> [Problem] In the listing that follows, find the line with "美品　セラミックダイニングテーブル　W1650×D900", then copy exactly from it through the line with "Property photo 1 of 6", leaving out every picture.

> [Data records]
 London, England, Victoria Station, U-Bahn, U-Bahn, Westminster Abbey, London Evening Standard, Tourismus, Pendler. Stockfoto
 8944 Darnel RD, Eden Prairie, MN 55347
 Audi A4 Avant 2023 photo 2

---

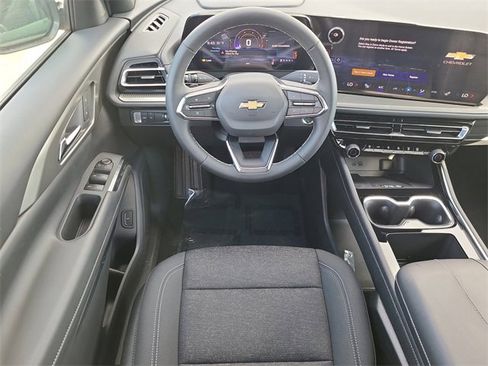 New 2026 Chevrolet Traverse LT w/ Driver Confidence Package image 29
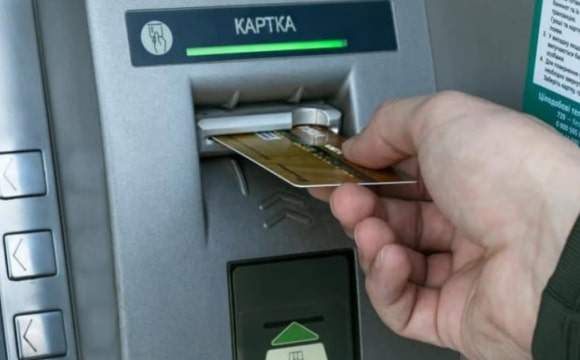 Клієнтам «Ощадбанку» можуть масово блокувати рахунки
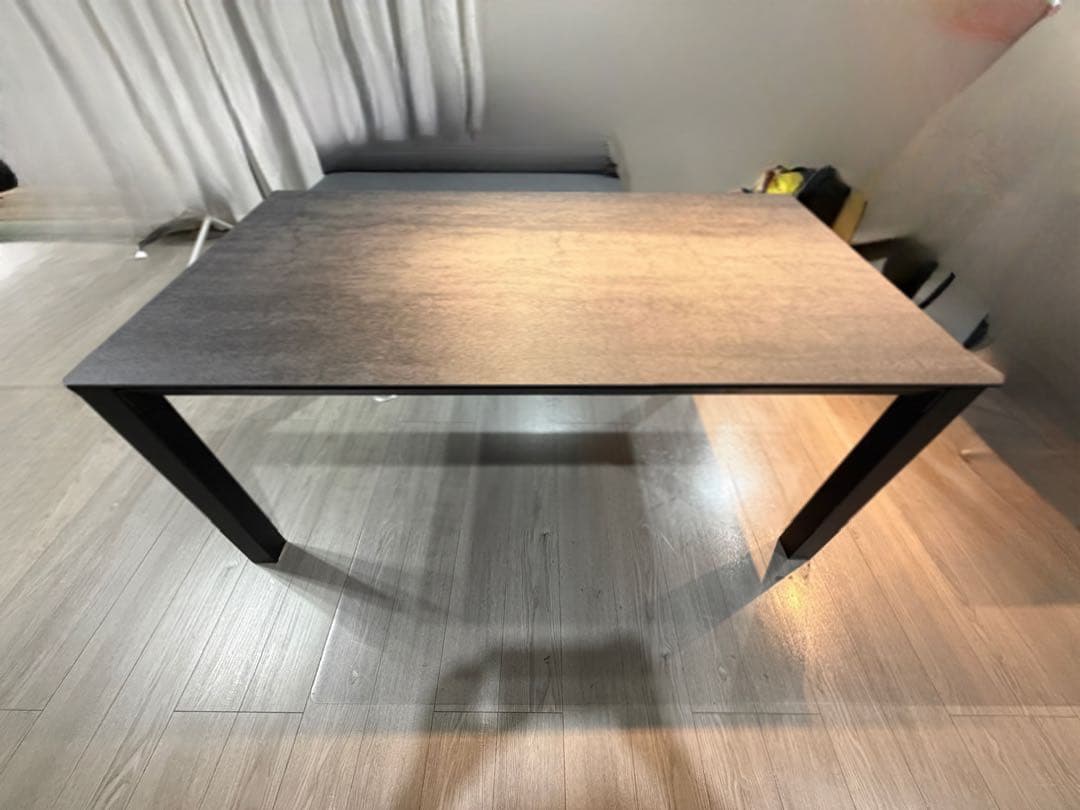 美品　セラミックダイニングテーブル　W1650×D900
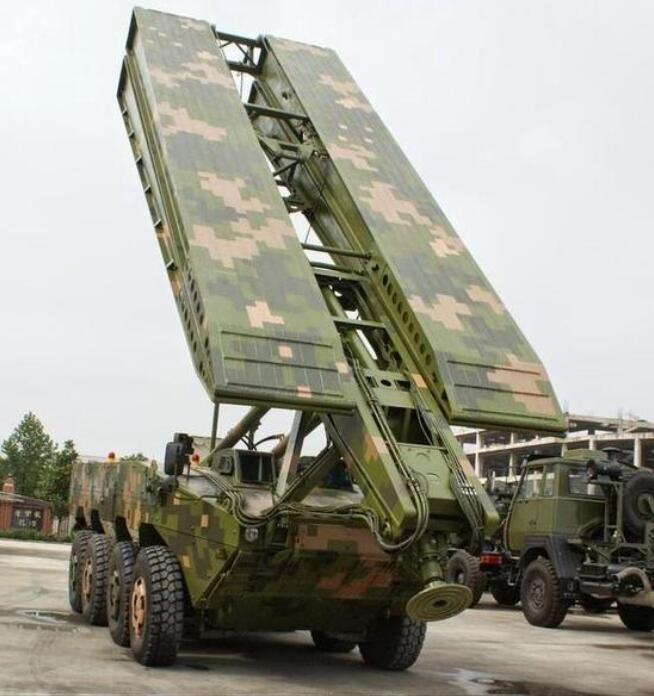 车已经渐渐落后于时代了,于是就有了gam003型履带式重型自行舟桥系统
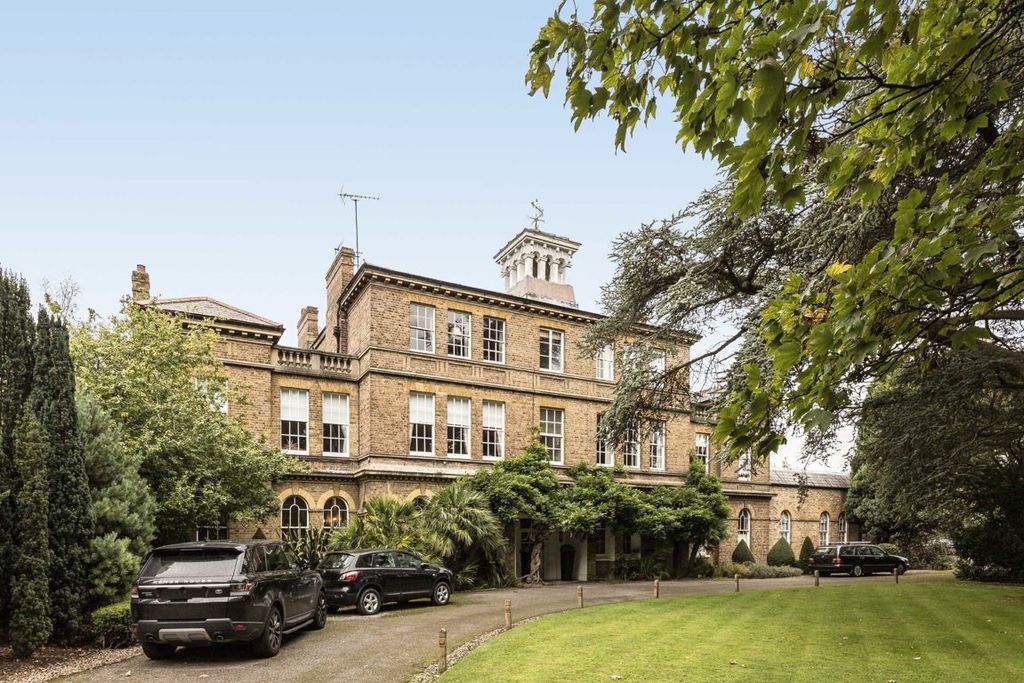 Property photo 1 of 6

> [Answer section]
 美品　セラミックダイニングテーブル　W1650×D900
 车已经渐渐落后于时代了,于是就有了gam003型履带式重型自行舟桥系统
 Property photo 1 of 6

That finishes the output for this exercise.